Time spent not playing multiplayer will likely be used to unlock levels, characters, and alternate costumes in Arcade and Mission Mode. Missions are generally the same as they were in Smash Bros., meaning anyone looking to unlock everything should expect to have to survive a pile of different scenarios and levels. Needing to beat all of the turtles at once or having to kick enemies off of the side of a moving train might not sound like a huge departure from the rest of Smash-Up, but setting limits on how to beat levels works better than the practice mode at training players. If nothing else, it should provide anyone looking for more singleplayer time a few more hours of gameplay. Notice I used "gameplay" there instead of fun. It's not that they're never entertaining, it's just that the later missions become extremely difficult, and the game's somewhat cheap AI isn't really fun to fight against, especially when it means unlocking new characters.
It’s pretty obvious what happened here. To celebrate the 25th anniversary of Teenage Mutant Ninja Turtles, Ubisoft wanted to make good on their ownership of the game license, and thought grabbing Game Arts to create a brawler would do the trick. Sadly, it proved slightly trickier than expected, and the result isn’t nearly as good as it sounded like it could be. Granted, there’s only so much that can be done with mutated turtles. While some minor changes might have made the game better on the whole, like a well fleshed out singleplayer campaign, the issue is deeper than a missing feature or two.

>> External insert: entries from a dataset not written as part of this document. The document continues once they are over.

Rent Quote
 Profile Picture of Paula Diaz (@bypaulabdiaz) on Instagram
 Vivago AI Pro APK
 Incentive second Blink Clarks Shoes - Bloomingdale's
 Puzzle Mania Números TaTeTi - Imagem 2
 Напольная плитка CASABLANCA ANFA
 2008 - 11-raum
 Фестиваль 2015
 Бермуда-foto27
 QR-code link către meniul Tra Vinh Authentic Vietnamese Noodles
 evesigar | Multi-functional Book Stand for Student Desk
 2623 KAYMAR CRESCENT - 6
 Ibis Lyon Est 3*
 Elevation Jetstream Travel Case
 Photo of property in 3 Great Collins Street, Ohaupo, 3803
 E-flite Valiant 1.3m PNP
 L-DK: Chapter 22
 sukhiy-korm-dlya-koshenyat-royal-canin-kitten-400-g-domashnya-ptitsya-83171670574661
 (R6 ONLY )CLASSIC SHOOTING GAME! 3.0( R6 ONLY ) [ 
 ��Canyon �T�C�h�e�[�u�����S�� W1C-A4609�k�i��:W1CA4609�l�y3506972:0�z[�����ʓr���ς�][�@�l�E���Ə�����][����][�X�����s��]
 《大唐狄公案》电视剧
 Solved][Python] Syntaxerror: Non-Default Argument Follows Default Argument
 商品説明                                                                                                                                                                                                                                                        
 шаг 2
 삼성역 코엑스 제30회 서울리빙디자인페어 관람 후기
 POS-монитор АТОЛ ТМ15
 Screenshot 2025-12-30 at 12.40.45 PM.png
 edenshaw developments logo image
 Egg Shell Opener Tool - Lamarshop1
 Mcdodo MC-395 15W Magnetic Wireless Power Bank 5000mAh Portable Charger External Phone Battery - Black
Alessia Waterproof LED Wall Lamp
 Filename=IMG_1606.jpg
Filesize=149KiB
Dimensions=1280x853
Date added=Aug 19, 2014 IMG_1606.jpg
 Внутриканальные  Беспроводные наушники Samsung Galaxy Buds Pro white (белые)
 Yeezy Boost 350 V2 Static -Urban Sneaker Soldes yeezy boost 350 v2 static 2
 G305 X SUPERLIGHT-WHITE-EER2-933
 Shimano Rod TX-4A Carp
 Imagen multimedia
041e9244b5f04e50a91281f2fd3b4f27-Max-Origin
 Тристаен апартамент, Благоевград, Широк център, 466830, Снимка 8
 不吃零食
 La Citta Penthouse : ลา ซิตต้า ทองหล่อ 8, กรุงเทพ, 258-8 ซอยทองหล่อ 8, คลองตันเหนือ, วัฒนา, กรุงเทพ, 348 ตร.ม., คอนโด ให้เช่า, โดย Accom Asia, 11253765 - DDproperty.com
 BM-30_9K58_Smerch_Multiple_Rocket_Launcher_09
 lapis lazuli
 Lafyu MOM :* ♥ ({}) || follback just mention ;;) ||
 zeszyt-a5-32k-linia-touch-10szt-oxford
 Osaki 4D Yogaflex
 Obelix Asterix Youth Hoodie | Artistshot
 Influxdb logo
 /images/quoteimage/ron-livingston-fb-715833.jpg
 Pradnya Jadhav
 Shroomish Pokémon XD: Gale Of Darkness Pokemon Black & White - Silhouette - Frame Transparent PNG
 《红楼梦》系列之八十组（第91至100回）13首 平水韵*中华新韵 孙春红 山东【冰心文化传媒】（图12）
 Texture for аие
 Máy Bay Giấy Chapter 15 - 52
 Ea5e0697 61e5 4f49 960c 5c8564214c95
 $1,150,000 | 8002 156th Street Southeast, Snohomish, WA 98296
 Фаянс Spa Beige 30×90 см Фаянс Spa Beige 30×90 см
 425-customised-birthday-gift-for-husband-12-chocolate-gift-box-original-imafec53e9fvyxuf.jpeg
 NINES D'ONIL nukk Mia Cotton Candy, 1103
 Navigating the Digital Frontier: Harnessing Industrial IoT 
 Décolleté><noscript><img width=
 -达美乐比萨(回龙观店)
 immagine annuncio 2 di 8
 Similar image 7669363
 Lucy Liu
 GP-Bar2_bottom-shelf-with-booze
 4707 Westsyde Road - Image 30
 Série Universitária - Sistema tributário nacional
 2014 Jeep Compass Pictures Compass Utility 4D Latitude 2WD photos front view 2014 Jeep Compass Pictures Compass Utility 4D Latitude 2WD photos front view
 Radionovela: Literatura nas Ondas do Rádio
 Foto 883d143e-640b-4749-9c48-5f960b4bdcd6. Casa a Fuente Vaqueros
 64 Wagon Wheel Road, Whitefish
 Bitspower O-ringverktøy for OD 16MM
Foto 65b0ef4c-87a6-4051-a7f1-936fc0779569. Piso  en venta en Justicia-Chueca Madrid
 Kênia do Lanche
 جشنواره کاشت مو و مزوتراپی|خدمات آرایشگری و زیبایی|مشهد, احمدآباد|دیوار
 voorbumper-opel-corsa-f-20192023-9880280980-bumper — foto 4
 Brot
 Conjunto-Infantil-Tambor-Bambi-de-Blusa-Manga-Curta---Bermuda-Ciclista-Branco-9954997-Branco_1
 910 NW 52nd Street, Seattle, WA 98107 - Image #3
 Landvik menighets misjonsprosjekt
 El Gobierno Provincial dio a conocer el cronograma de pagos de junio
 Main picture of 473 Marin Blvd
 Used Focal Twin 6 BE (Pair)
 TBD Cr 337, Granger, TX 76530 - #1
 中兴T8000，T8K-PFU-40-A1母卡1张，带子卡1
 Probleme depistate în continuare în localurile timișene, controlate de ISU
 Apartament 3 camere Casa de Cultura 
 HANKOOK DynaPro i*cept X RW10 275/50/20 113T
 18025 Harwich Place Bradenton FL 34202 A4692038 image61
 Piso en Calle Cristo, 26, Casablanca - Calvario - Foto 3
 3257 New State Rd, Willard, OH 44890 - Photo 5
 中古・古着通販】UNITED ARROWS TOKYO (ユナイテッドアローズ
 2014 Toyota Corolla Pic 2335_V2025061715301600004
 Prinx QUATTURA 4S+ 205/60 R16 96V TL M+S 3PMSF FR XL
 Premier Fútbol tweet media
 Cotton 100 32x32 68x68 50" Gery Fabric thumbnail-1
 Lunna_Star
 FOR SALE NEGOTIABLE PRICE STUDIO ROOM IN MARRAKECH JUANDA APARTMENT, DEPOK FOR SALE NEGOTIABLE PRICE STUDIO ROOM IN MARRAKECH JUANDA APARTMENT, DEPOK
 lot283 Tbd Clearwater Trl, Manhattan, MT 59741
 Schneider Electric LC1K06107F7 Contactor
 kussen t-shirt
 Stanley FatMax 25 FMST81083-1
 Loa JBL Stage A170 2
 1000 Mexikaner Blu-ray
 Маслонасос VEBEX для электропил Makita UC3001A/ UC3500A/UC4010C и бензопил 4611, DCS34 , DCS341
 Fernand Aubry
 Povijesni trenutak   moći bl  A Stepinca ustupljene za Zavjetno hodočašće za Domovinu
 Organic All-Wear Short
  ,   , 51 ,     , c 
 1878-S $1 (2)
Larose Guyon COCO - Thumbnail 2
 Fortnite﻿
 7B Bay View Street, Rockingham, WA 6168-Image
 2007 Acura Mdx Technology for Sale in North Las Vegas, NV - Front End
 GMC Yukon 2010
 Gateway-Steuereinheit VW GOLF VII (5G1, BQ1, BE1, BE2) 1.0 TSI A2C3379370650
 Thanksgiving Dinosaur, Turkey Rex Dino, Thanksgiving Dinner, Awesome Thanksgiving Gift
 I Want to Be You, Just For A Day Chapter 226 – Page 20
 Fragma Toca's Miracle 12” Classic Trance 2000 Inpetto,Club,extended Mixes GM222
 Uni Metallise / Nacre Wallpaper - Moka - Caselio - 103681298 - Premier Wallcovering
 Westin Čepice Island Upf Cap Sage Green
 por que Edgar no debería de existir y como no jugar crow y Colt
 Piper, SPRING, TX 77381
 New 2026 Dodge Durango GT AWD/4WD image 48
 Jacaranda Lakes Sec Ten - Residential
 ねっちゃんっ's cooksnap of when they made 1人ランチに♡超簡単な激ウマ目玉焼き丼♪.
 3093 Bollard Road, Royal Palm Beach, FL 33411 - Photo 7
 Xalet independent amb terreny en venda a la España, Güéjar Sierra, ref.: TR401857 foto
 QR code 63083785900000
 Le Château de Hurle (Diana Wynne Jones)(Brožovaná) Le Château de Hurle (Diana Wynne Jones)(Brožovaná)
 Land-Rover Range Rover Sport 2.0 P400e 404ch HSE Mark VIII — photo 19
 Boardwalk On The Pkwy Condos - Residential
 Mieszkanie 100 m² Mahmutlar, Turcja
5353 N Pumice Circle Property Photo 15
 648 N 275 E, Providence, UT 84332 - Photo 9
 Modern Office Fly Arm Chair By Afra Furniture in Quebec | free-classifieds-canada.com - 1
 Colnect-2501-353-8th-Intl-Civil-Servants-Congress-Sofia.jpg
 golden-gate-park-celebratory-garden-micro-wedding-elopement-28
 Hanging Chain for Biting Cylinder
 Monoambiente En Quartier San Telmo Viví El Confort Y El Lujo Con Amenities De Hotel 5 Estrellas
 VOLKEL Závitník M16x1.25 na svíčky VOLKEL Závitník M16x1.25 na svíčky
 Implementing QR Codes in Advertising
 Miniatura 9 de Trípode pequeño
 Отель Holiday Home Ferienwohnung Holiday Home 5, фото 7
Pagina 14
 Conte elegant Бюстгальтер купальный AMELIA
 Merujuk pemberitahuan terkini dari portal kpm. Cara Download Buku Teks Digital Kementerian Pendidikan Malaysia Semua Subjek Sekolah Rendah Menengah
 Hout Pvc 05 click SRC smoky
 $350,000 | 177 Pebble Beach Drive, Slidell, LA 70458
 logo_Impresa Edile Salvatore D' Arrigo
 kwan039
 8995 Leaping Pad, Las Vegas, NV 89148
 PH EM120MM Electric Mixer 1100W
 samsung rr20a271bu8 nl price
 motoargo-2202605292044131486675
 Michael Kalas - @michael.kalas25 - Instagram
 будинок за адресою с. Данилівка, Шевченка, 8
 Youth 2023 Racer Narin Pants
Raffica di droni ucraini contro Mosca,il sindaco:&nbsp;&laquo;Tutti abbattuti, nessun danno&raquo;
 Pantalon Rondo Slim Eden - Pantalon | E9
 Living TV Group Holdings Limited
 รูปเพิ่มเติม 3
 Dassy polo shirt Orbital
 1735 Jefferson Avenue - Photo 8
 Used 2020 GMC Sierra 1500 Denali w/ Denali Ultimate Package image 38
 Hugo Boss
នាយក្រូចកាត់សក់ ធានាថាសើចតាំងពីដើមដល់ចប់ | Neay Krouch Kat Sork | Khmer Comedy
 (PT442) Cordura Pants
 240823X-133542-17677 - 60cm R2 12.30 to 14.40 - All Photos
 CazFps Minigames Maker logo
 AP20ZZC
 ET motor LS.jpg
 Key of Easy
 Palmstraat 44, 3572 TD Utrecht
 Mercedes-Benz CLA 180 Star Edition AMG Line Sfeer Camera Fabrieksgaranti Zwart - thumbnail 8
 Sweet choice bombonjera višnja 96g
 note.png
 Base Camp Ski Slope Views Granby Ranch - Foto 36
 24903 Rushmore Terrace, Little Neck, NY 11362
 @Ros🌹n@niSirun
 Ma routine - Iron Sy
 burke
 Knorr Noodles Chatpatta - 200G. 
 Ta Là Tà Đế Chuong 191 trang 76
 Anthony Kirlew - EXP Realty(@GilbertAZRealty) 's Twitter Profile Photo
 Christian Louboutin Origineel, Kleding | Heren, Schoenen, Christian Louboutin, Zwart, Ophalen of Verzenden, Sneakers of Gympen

TMNT Smash-Up isn’t the Brawl-killer it had the potential to be. It's an alright fighter, and better than the last few TMNT titles, but that's not really saying too much. It simply isn't as fun as Super Smash Bros., and it's too similar to pull in anyone who isn't already a fan of Nintendo's fighting game. All in all, it should be reserved for only those who still sleep in Michelangelo pajamas and play with their the Ninja Turtle Pizza Shooter. No, not people who want to play with the Ninja Turtle Pizza Shooter, people who still have it, and didn't lose all of the little plastic pizzas under the fridge twelve years ago.